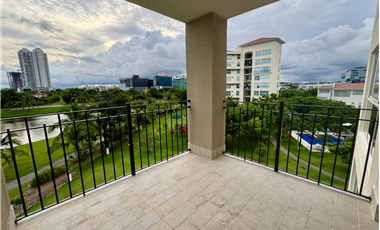 VENDO APARTAMENTO PH THE RESERVE - PINACCLE , SANTA MARIA (3)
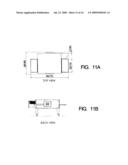 MODULAR PIZZA OVEN KIT, PIZZA OVEN FINGER ASSEMBLY SUPPORT, AND A METHOD OF OPERATING A PIZZA OVEN AT DIFFERENT SPEEDS AND A CONTROL ARRANGEMENT FOR PERFORMING THE METHOD diagram and image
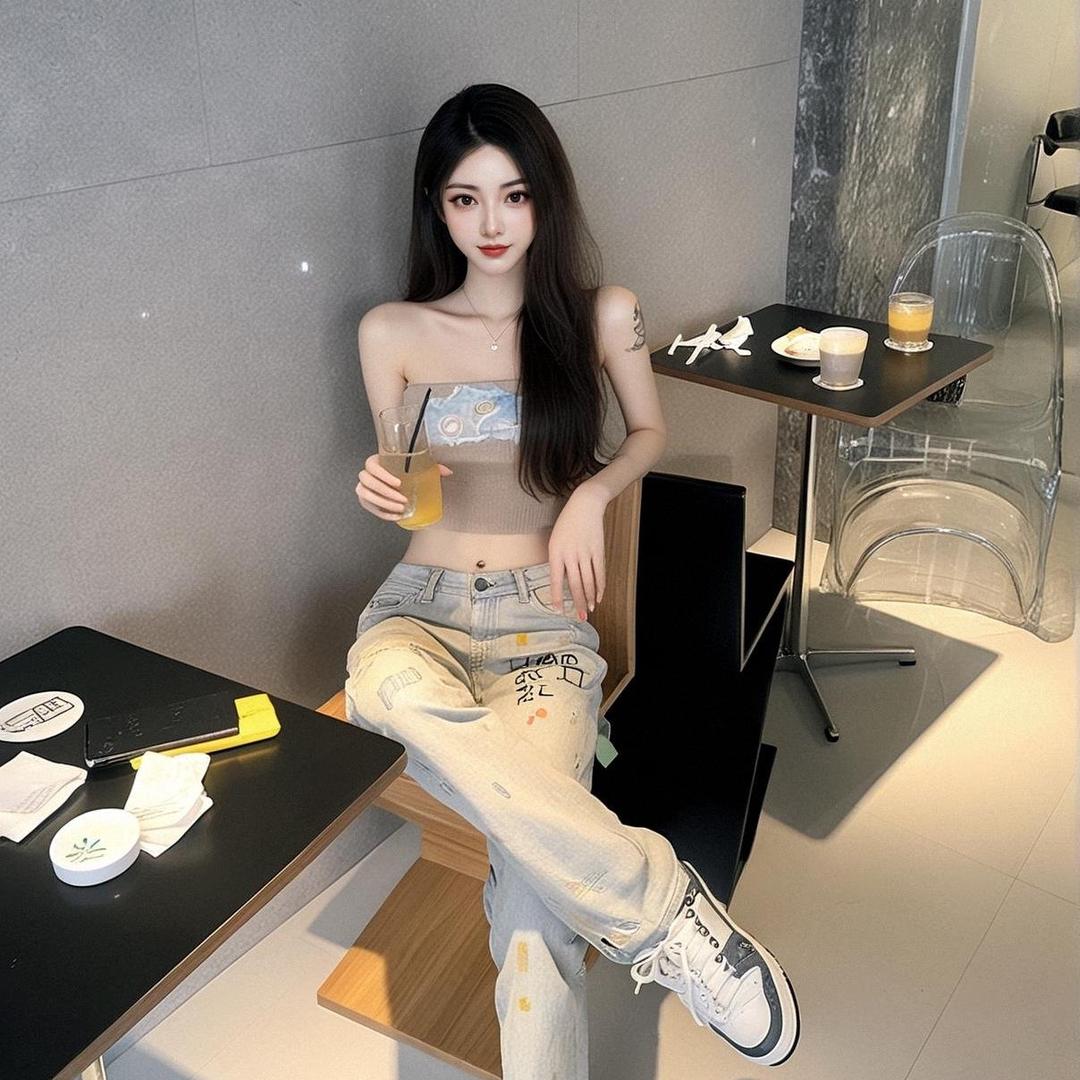 @小祖宗、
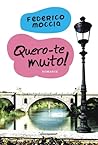 Quero-te Muito!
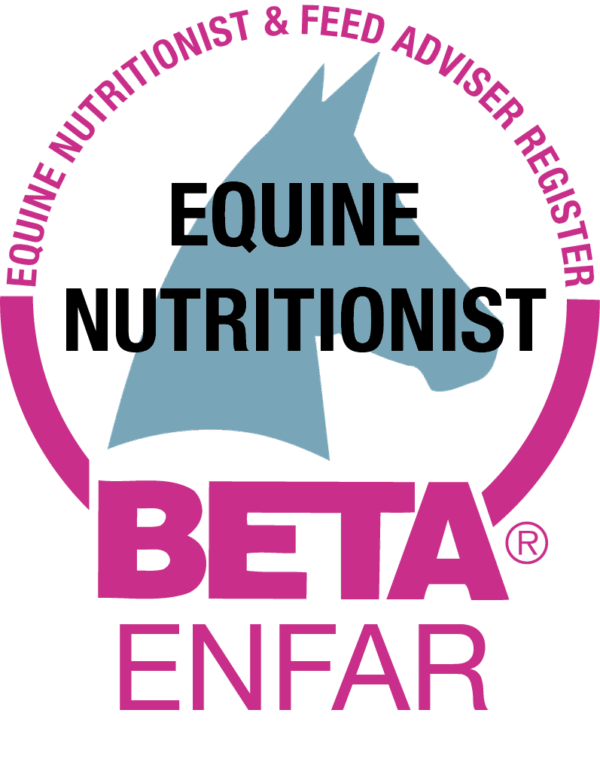 ENFAR Admin Fee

# # # # # # #

▸ **Goal of the exercise**
Retype each entry exactly as it appears, excluding any image.

▸ **Expected answer**
 VENDO APARTAMENTO PH THE RESERVE - PINACCLE , SANTA MARIA (3)
 MODULAR PIZZA OVEN KIT, PIZZA OVEN FINGER ASSEMBLY SUPPORT, AND A METHOD OF OPERATING A PIZZA OVEN AT DIFFERENT SPEEDS AND A CONTROL ARRANGEMENT FOR PERFORMING THE METHOD diagram and image
 @小祖宗、
 Quero-te Muito!
 ENFAR Admin Fee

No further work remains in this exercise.